Referring to the accompanying Figure 1 will be described the manufacturing process of the tin ions, palladium ions and nickel-coated single-walled carbon nanotubes.

As shown in FIG. 1, the nickel coating process of carbon nanotubes proceeds in the order of tin (Sn) ion coating, palladium (Pd) ion coating, and nickel coating. First, 0.1 M of single-walled carbon nanotubes is used. The solution was added to a mixed solution of SnCl ₂ aqueous solution and 0.1M HCl aqueous solution, and then ultrasonically dispersed using an ultrasonic disperser for 30 minutes.

Sn is ionized (functionalized) by this reaction, and Sn ²⁺ (11) is coated on the surface of the carbon nanotubes (10).

When following the surface by filtering the carbon nanotubes with distilled water, Sn ^{+ 2} is obtained for coated carbon nanotubes, since the Sn ^{2 +} (11) is a coated carbon nanotubes (10) 0.0014M PdCl ₂ solution and 0.25M HCl Into a mixed solution of an aqueous solution and ultrasonic dispersion using an ultrasonic disperser to react for 30 minutes.

In this process, Pd is ionized (functionalized) to further coat Pd ^{2 +} (12) around the carbon nanotubes.
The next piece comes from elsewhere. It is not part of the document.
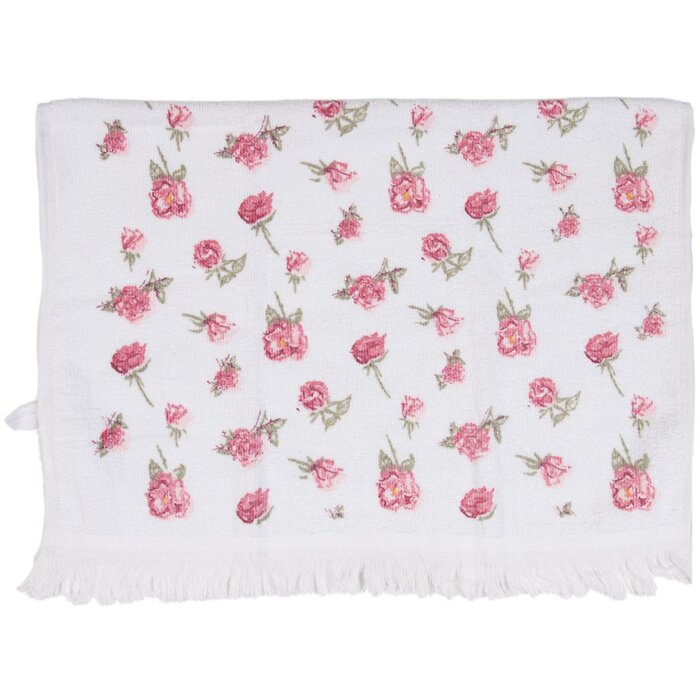 Clayre & Eef CT029 Toalla de Huésped Blanco Rosa 40x66 cm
Then, filtered with distilled water to obtain a carbon nanotube (10) coated with Sn ^{2 +} (11) and Pd ^{2 +} (12) on the surface.

Finally, nickel is coated by reacting the bath in an aqueous solution for coating containing a nickel component having a chemical component of Table 1 by using an ultrasonic disperser at 60 ° C. for 2 hours, followed by filtering with distilled water to coat nickel (13). The finished carbon nanotubes 10 are obtained.
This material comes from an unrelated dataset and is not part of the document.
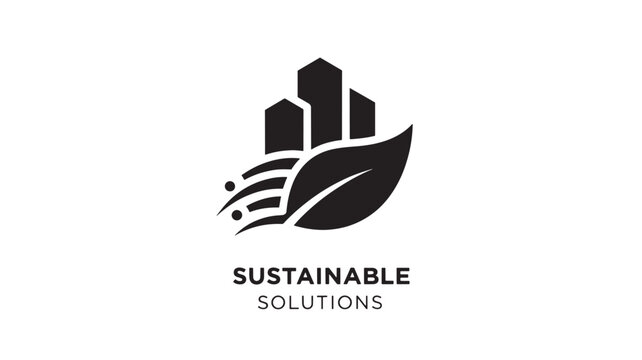A  logo featuring a stylized leaf and cityscape, representing sustainable solutions and eco-friendly urban development, on a clean white background.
Nickel-containing coating solution is a solution in which the chemical components of Table 1 were dissolved in DI pure water and then adjusted to pH 8.75 (25 ° C.) with NH ₄ OH.

Through the nickel coating process as described above, a single-wall carbon nanotube coated with tin ions, palladium ions, and nickel having a diameter of 500 nm or less and a length of 3 μm or less is prepared.

Thereafter, tin ions, palladium ions and nickel-coated single-wall carbon nanotubes are mixed with copper powder to be dispersed. FIG. 2 is attached to tin ions, palladium ions, and nickel-coated single-wall carbon nanotubes. As a schematic diagram showing a mixing process of a tube and copper, the mixing process will be described with reference to the following.

First, tin ions, palladium ions, and nickel-coated single-wall carbon nanotubes and copper powder are sequentially added to the container 20 containing the dispersion solution for dispersion.

At this time, the dispersion solution may be selected from ethanol, methanol and DI pure water, and the ultrasonic disperser 21 by adding tin ions, palladium ions and nickel-coated single-wall carbon nanotubes to the dispersion solution of the vessel 20. After the ultrasonic dispersion by using the ultrasonic powder is added to the copper powder is further added, and the ultrasonic dispersion with the copper powder is added again so that the carbon nanotubes and copper powder is dispersed as uniformly as possible in the dispersion solution.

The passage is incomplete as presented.